- Directed by: Alessandro De Gaetano
- Written by: Alessandro De Gaetano
- Produced by: Steve Gellman Timothy E. Sabo
- Starring: Paul Denniston; Judy Tenuta; Jason Terisi; Jordan Roberts; Bill Igraham;
- Cinematography: Cynthia Webster
- Edited by: Amy Harvey
- Music by: Conrad Pope
- Production company: Billingsgate
- Release date: 14 November 1996 (Reeling Chicago Gay Lesbian Film Festival);
- Running time: 103 minutes
- Country: United States
- Language: English

= Butch Camp =

Butch Camp is a 1996 American comedy film directed by Alessandro De Gaetano, starring Paul Denniston, Judy Tenuta, Jason Terisi, Jordan Roberts and Bill Igraham.

==Plot==
Matt Grabowski (Paul Denniston) is an awkward young gay man whose life is falling apart. His boyfriend had left him three years earlier for another man. His sex life is reduced to eavesdropping on the exploits of his roommate who also leaves him and takes all the furniture. He is mugged on several occasions and is overworked, underpaid and underappreciated at his job.

Disappointed about his failure to find true love, Matt decides to learn to be more assertive by attending Butch Camp. The boot camp training seminar is overseen by the iron-fisted dominatrix commandant Samantha Rottweiler (Judy Tenuta) who unleashes a series of physically and mentally grueling exercises on her class of gay trainees.

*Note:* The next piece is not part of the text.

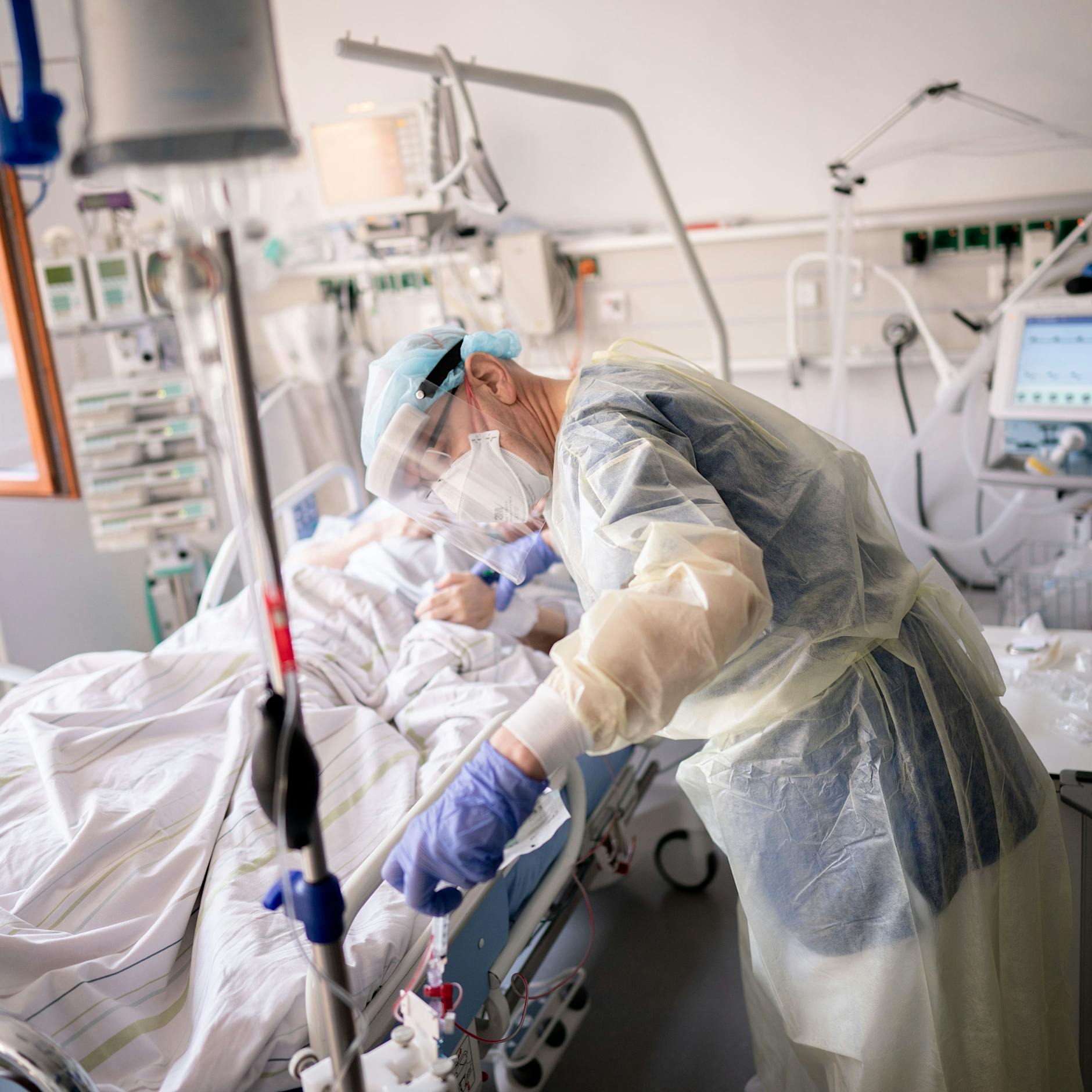 Amtlich: Delta-Variante dominiert in Deutschland! +++ Drastischer Fall zeigt: So ansteckend ist die Mutante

One of his challenges is to survive a night in a sports bar where he meets Janet Cockswell (Jordan Roberts) who mounts a concerted effort to seduce him. He is also drawn to Janet's soon-to-be former boyfriend Rod Cazzone (Jason Terisi) who in turn finds himself strangely attracted to Matt. A love triangle ensues when Matt gains self-confidence and his attractiveness to both Janet and Rod increases.

==Cast==
- Paul Denniston as Matt Grabowski
- Judy Tenuta as Samantha Rottweiler
- Jason Terisi as Rod Cazzone
- Jordan Roberts as Janet Cockswell
- Bill Igraham as Danny

==Production==
Alessandro De Gaetano wrote the script in 1991, four years prior to production. Tenuta agreed to do the film after the script was rewritten to enlarge her role. She was labeled as "The Star" in the film's press kit despite her role being secondary. Tenuta's name recognition and the producers staging a reading of scenes from the movie in the spring of 1996 successfully resulted in investors providing the $300,000 needed to complete the project.

The film was shot around Chicago in about a month and was completed on schedule and on budget despite unfavorable weather and a camera breakdown.
A rough cut was shown at gay and lesbian film festivals in Chicago and Sydney where it was well received at the former and even more popular at the latter. The producers Sabo and Gellman had to deal directly with movie theatre chains to get domestic distribution due to the lack of financial backing from any of the major Hollywood studios. They selected Sony over Cineplex Odeon for the film's debut in Chicago.

==Reception==
Marc Savlov of The Austin Chronicle rated the film 3 stars out of 5 and wrote, "Surprisingly touching at times and consistently funny, de Gaetano's film is a hopelessly romantic comedy no matter what your sexual proclivities may be." Lisa Alspector of the Chicago Reader wrote that the film is "a portent of the time when gay lead characters will be plentiful enough that they’re no longer required to be role models or political icons—Matt’s an old-fashioned schlemiel in a half-hokey, half-serious story whose slapstick and reeking scatological humor provide some childish delight." P. Van Vleck of The Video Librarian rated the film 3 stars out of 5 wrote that while the film "suffers from a few adolescent moments", it is "quite funny."

Mark Woods of Variety praised Tenuta's performance, while writing that the film "often feels like a gay version of the sometimes tasteless yet curiously popular British Carry On movies". Achy Obejas of the Chicago Tribune criticised the misogyny of Tenuta's character as well as the characters in the subplots, calling them "obscenely stereotypical, as if drawn not by heterosexuals, but by ignorant, homophobic heterosexuals", and wrote that the film "might have been better, simpler and funnier if they'd just let Denniston and Igraham write their own story, one about friendship, filled with wonderfully bitchy lines and sweet moments." Leslie Rubinkowski of the Pittsburgh Post-Gazette wrote that the "same shallow story and bad acting that infect mainstream movies have trickled down here." Henry Sheehan of The Orange County Register gave the film a negative review. Laura Dempsey of the Dayton Daily News called the film "obvious" and "badly done". Kevin Thomas of the Los Angeles Times wrote that "There's no chemistry between Matt and Janet and even less between him and Rod, despite a sensitive, unself-conscious performance by Terisi" and that "What little edge the film has comes from Rod's constantly confounding the stereotype Matt holds of him as a blue-collar Italian American."